**WHAT YOU SHOULD DO**
Could the entries below be reproduced exactly, with the images removed?

Dataset items
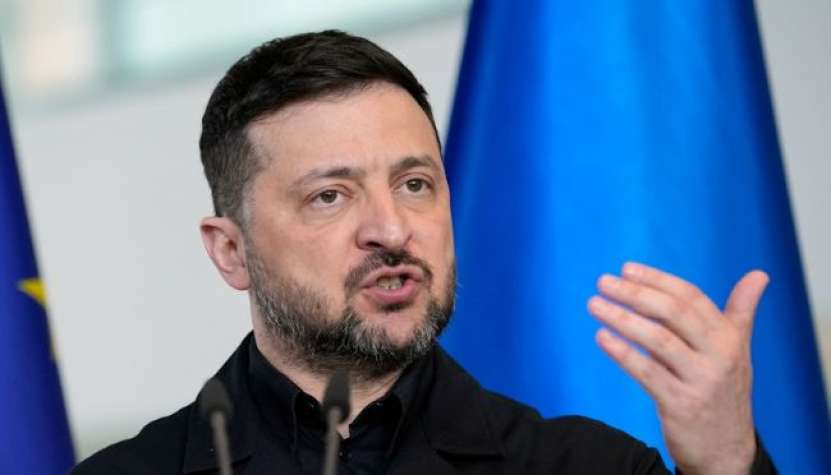 Zelenski a ajuns deja să cerșească agresiv, să emită aluzii amenințătoare la adresa Europei, dacă nu primește ceea ce a cerut  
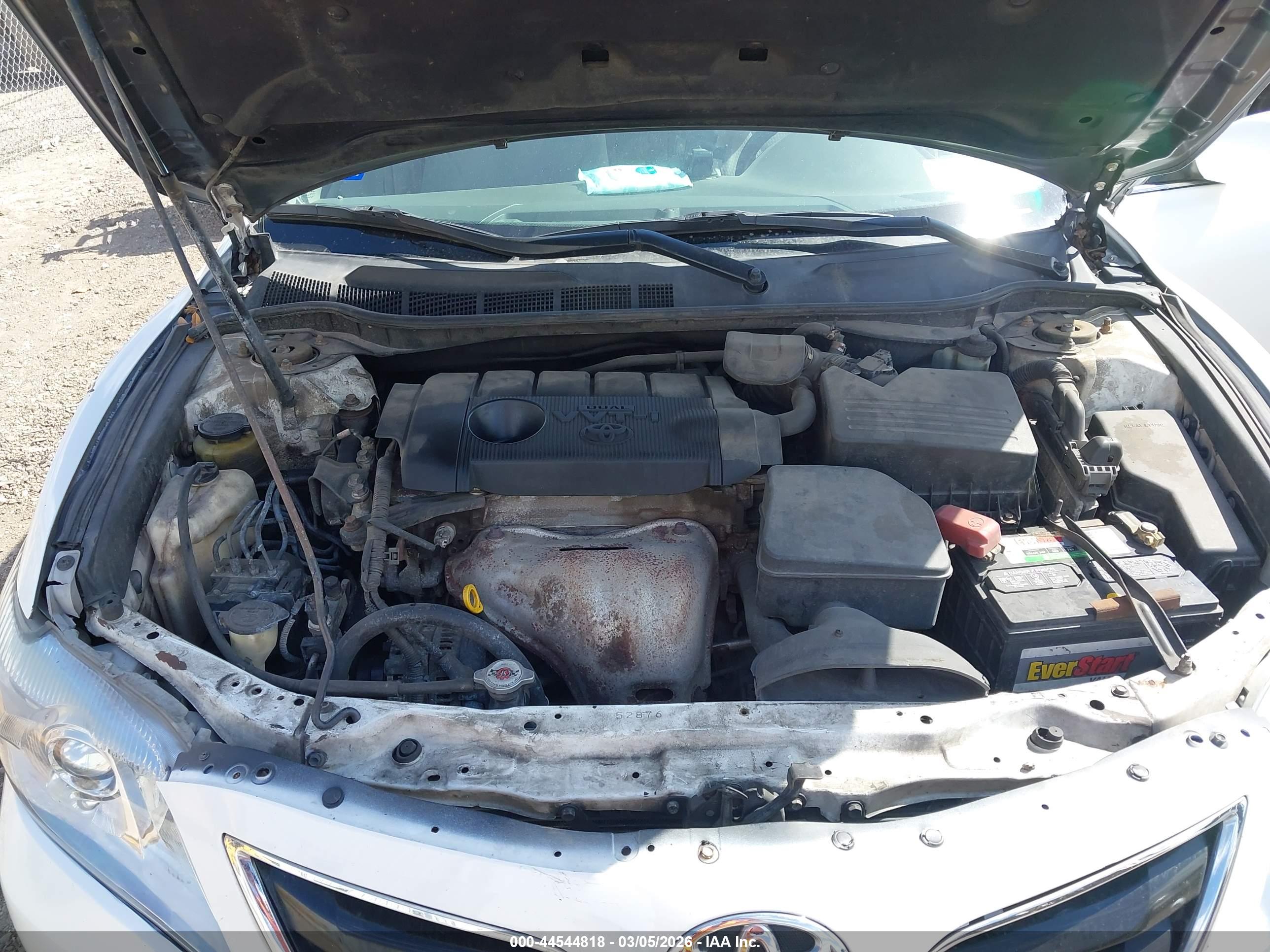 TOYOTA CAMRY image 10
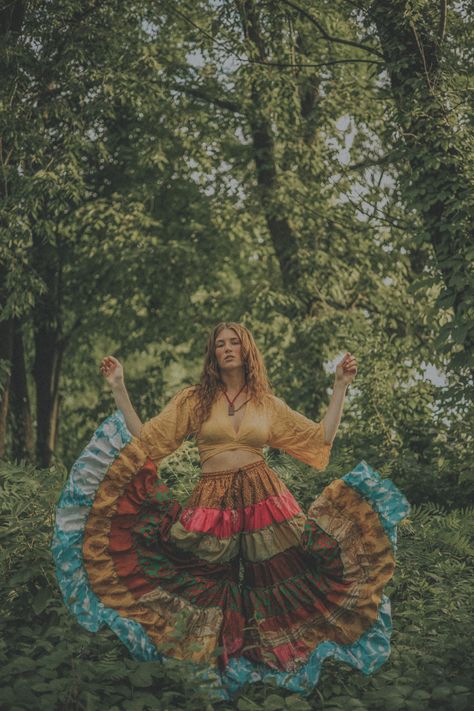 Photoshoot In The Woods, Hippie Photoshoot, Vintage Senior Pictures, Bohemian Photoshoot, 70s Photoshoot, Boho Photoshoot, Outdoor Portrait Photography, Photoshoot Outdoor, Outdoor Portrait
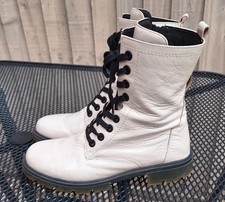 Caprice off white genuine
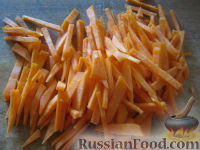 Фото приготовления рецепта: Салат из капусты кольраби с морковью и яблоками - шаг №4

**WORKED SOLUTION**
 Zelenski a ajuns deja să cerșească agresiv, să emită aluzii amenințătoare la adresa Europei, dacă nu primește ceea ce a cerut  
 TOYOTA CAMRY image 10
 Photoshoot In The Woods, Hippie Photoshoot, Vintage Senior Pictures, Bohemian Photoshoot, 70s Photoshoot, Boho Photoshoot, Outdoor Portrait Photography, Photoshoot Outdoor, Outdoor Portrait
 Caprice off white genuine
 Фото приготовления рецепта: Салат из капусты кольраби с морковью и яблоками - шаг №4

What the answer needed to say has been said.